Say I calculate 4 losses for each batch as shown below:
losses_list = []
some_losses_fns = [loss_fn1,loss_fn2,loss_fn3,loss_fn4]
for loss_fn in some_losses_fns:
# assume loss is computed
loss = loss_fn(preds, true_labels)
losses_list.append(loss.item())
average_loss = torch.cat(losses_list).mean()
average_loss.requires_grad_()
Are the gradients of the losses going to be backpropagated properly if when I call .item() on them and then call requires_grad_() on the average loss?
I am trying to reduce the memory footprint of my model and I found this suggestion online but I wanted to double check whether it is legit. Any other suggestions? Maybe del the loss variable after it is appended to the losses_list?
In short, it won’t work using item.
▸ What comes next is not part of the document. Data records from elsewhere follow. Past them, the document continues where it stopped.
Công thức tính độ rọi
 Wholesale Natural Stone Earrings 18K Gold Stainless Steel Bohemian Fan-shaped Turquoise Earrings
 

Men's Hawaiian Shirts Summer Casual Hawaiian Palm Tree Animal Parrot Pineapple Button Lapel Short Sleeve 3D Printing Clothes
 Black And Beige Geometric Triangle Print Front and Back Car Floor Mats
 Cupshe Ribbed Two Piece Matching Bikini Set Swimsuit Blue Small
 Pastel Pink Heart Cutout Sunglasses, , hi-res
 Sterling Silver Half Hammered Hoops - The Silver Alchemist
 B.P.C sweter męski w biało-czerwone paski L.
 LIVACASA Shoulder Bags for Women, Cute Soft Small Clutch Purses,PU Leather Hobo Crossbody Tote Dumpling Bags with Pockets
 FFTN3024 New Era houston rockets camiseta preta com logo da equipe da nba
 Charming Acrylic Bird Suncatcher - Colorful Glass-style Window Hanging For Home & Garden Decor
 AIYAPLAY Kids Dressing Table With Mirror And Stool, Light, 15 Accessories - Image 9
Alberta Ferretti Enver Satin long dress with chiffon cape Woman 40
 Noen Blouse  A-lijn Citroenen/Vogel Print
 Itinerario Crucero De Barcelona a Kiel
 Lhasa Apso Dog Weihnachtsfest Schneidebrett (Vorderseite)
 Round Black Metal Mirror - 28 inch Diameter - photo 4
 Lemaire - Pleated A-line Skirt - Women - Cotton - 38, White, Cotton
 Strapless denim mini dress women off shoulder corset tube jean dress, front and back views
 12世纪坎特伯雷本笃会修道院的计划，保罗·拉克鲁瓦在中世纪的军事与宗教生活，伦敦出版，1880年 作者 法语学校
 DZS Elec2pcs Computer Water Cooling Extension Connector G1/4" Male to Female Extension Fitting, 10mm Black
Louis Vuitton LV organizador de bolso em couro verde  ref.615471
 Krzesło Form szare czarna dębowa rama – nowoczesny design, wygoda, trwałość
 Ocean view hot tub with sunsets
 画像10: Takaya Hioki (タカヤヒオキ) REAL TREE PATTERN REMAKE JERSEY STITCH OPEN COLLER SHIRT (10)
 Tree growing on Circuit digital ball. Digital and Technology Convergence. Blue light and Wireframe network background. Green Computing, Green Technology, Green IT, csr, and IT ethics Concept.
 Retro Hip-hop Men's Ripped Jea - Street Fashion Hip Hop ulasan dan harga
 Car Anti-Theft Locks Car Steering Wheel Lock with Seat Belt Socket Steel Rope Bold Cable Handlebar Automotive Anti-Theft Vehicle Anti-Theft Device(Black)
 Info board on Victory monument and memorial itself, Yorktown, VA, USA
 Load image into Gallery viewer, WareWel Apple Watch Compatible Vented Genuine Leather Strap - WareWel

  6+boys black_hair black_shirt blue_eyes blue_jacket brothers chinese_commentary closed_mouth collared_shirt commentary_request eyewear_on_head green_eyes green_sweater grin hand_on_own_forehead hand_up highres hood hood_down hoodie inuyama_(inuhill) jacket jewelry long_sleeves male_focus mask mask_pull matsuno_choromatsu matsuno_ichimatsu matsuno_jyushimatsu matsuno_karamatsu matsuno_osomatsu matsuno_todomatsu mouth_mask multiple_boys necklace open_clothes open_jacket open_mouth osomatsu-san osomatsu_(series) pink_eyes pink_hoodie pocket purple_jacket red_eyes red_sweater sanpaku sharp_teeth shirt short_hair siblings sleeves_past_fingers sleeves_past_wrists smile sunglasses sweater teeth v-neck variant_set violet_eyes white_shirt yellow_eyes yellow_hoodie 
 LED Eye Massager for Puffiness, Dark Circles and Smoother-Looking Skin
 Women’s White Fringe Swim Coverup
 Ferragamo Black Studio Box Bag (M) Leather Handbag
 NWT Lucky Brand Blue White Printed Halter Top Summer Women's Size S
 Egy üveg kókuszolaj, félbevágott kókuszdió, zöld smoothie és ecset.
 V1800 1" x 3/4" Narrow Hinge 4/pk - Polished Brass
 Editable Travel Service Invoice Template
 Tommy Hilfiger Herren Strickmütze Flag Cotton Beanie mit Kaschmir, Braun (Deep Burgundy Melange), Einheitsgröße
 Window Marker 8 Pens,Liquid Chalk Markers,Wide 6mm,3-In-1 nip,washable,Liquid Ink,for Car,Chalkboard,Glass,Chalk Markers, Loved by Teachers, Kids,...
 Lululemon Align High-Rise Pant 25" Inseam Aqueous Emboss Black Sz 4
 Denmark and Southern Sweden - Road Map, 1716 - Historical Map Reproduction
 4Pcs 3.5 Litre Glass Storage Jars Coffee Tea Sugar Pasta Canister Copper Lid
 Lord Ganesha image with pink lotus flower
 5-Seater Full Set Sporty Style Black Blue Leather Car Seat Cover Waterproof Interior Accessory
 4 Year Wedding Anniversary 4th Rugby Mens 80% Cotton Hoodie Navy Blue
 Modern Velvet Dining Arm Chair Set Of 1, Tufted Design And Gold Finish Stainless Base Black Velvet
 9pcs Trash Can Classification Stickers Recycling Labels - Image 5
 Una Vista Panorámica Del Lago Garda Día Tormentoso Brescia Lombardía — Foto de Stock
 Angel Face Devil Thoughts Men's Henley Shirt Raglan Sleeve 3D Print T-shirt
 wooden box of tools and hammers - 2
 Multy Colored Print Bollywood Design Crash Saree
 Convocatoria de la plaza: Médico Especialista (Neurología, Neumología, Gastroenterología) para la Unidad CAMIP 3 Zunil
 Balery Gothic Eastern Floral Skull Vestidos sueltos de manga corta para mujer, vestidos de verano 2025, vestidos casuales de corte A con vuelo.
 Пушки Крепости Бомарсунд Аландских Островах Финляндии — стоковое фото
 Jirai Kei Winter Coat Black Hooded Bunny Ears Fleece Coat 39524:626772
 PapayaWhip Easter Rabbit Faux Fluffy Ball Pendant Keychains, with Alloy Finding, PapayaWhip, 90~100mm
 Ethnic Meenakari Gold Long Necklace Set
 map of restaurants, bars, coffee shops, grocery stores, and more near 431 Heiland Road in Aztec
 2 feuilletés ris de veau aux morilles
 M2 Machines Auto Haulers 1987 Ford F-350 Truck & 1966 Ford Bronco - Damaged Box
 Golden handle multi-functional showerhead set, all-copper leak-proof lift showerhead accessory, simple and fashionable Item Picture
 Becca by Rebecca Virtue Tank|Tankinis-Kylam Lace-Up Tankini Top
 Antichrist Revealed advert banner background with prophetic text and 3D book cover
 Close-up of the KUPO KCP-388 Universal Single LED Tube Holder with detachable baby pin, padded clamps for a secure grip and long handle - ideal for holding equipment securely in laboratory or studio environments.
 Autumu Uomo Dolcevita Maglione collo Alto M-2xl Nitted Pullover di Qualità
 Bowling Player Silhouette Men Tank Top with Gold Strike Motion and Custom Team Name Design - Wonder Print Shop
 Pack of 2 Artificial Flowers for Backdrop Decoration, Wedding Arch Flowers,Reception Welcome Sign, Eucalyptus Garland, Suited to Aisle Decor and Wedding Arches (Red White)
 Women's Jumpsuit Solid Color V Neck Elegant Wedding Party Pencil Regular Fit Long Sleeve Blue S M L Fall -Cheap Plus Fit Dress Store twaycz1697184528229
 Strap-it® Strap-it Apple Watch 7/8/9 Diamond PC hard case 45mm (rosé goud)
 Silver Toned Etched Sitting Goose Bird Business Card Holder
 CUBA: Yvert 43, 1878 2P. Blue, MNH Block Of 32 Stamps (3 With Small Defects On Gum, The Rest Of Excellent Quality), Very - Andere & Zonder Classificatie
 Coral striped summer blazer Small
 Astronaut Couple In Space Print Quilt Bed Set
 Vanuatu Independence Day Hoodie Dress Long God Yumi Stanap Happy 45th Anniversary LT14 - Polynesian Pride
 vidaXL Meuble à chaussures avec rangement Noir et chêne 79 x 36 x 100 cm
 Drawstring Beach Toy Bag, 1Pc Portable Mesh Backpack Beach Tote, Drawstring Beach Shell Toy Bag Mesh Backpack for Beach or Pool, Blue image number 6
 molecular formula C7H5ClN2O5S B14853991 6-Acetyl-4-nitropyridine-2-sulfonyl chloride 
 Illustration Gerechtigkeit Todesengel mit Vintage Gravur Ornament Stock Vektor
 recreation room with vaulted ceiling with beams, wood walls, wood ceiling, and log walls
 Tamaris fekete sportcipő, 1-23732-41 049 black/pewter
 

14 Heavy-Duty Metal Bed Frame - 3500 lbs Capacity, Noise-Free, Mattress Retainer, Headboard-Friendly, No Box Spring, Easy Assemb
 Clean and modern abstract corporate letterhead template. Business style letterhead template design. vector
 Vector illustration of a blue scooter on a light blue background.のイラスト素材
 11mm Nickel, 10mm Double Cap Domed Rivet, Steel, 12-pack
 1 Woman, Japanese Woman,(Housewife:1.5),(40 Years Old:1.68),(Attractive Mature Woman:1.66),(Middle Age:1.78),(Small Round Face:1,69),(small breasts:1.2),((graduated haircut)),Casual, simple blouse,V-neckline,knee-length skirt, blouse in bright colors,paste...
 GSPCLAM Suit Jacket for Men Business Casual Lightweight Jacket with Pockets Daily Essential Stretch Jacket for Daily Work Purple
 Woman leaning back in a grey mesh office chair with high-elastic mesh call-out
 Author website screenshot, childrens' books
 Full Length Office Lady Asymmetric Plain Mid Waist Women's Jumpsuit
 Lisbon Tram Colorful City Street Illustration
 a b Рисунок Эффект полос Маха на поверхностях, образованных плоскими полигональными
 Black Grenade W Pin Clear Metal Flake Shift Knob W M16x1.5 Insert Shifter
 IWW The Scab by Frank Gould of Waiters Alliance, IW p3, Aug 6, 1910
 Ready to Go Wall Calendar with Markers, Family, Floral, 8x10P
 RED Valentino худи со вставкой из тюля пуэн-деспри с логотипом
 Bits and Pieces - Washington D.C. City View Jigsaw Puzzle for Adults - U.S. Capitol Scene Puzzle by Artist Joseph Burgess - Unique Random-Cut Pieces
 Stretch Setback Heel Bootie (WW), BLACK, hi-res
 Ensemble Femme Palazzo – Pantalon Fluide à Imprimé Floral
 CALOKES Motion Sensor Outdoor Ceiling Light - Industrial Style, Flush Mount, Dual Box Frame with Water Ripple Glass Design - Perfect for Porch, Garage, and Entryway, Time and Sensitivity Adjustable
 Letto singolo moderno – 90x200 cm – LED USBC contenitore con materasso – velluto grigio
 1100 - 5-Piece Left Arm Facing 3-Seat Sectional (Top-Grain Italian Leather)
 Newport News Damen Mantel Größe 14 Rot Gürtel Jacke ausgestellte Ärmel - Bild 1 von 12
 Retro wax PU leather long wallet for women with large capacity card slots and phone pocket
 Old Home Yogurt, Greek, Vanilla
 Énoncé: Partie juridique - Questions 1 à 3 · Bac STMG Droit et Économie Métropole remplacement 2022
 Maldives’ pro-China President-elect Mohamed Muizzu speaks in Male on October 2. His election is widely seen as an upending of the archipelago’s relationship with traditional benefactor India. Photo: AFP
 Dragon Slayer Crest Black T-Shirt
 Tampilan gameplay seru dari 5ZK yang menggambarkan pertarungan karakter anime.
You need to keep tensors all along, else you’ll lose the computational graph (DAG) which is used by the autograd when calling backward (see autograd mechanism in the doc). item() method return a standard python number, which is indeed not compatible with backward.
You can safely use del on the loss after it is appended to the losses_list, but my guess is you won’t notice any significant change in memory footprint.
I don’t see any way to reduce the memory footprint on this part of your code.
Regards,
Thomas
[Edit] By the way, look to the documentation for the item method, it clearly states “This operation is not differentiable.”